Despite the cold temperatures, winter is a fantastic time to be outside. Yet the season is often viewed as something to be endured rather than celebrated. But those who think that way haven’t spent much time enjoying the cold weather. Skiing, snowboarding, snowshoeing, tubing, fat biking, and winter hiking are all excellent ways to spend time outdoors—and if you dress right, you’ll most likely be zipping off layers before you’re through. The key to any winter outdoor adventure is understanding how to dress—and that includes adjusting as your body warms and weather conditions change. With some basic knowledge and a few key pieces of clothing, it’s easy to remain comfortable—and warm—as you enjoy all that the season has to offer outside.
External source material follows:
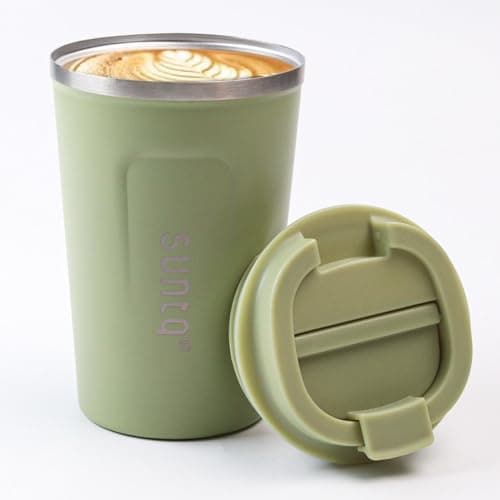 SUNTQ Reusable Coffee Cups Travel-Coffee Travel Mug with Leakproof Lid-Thermal Mug Insulated Cup-Stainless Steel Coffee Travel Cup for Hot and Cold Drinks, 13oz/380ml,Sage Green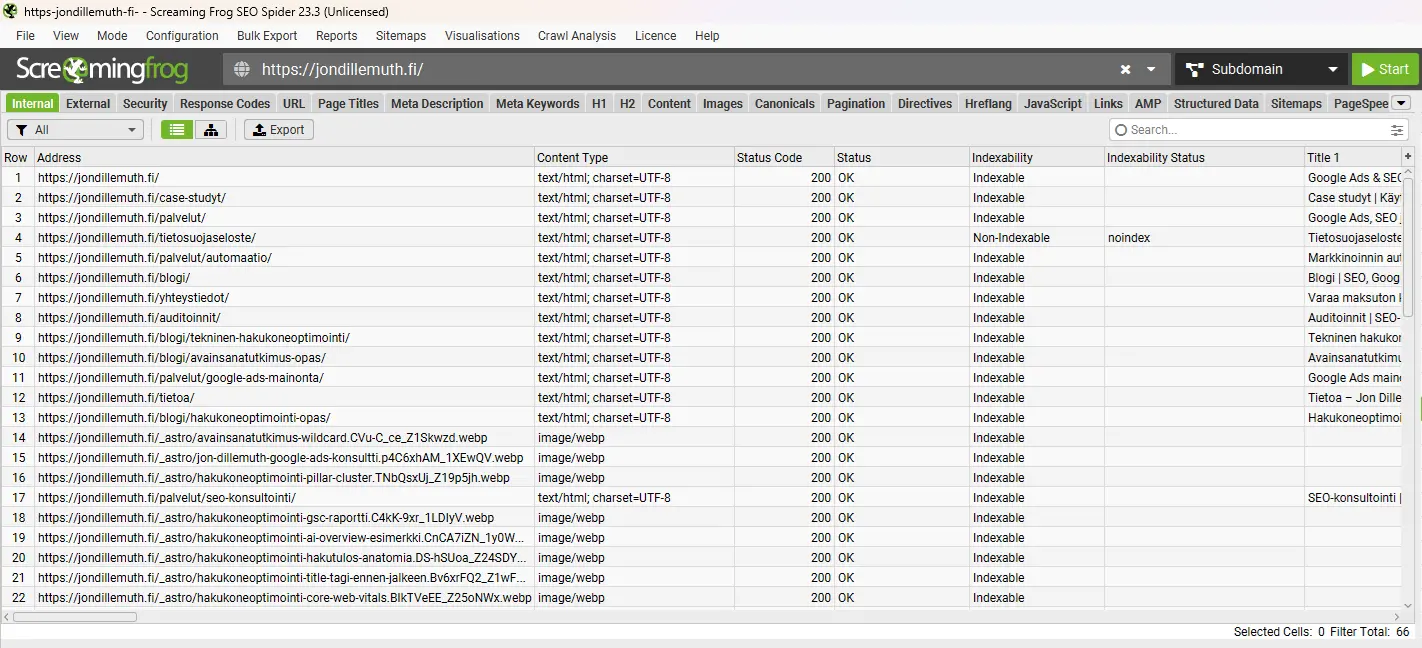 Screaming Frog SEO Spider crawl-näkymä jondillemuth.fi:lle: 22 sivua, statuskoodit, indeksoitavuus ja title-tagit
Here are 10 tips for helping you stay warm as you spend time outdoors this year.
1. Learn to Layer
You’ve probably heard this advice your whole life—put on a sweater!—but knowing how to layer is a key to ensuring a safe and comfortable outdoor experience. Layering allows you to help control the movement of heat and moisture your body produces. This means how you dress needs to be activity-specific. How you layer for watching a cold football game from the stands is different than when you’re cross-country skiing. But no matter the activity, you’ll want to dress in four basic layers.
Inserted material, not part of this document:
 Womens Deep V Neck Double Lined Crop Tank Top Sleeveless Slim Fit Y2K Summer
Base layer: This is the next-to-skin layer, so it needs to be comfortable and flexible for easy movement. It needs to provide some insulation, but the primary function is that it’s breathable and moisture-wicking. In basic terms, it needs to pull moisture away from your skin and allow air to circulate. Depending on the weather conditions and activity, you can choose base layers with more or less insulation. A good example is Minus33’s Ticonderoga Lightweight Wool Crew (the Moriah for women) a long-sleeve option that fits most winter activities.
Mid-layer: This second layer is an insulating layer. It, too, should be breathable to help manage moisture and temperature. Merino wool is an excellent option here, as it is naturally breathable yet very good at trapping heat as well. Choose one with a zipper to better help you regulate your temperature as you heat up, such as the Isolation (men)/Sequoia (women) Midweight Wool ¼ Zip.
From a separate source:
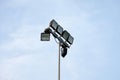 Metal halide lights on poles trust Royalty Free Stock Photo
Insulating layer: When you’re dealing with colder temperatures or more sedentary activities, you’ll want another layer to help keep in the warmth. This could be another wool layer or a fleece. Once again zippers are a good idea to help regulate your body temperature after you warm up.
Outer shell: This is what protects you from the elements. It could be a light windbreaker in moderate conditions or a heavy parka when you really need protection. Look for a top that’s both water-resistant and wind resistant. For those doing aerobic activities, look for one with venting options.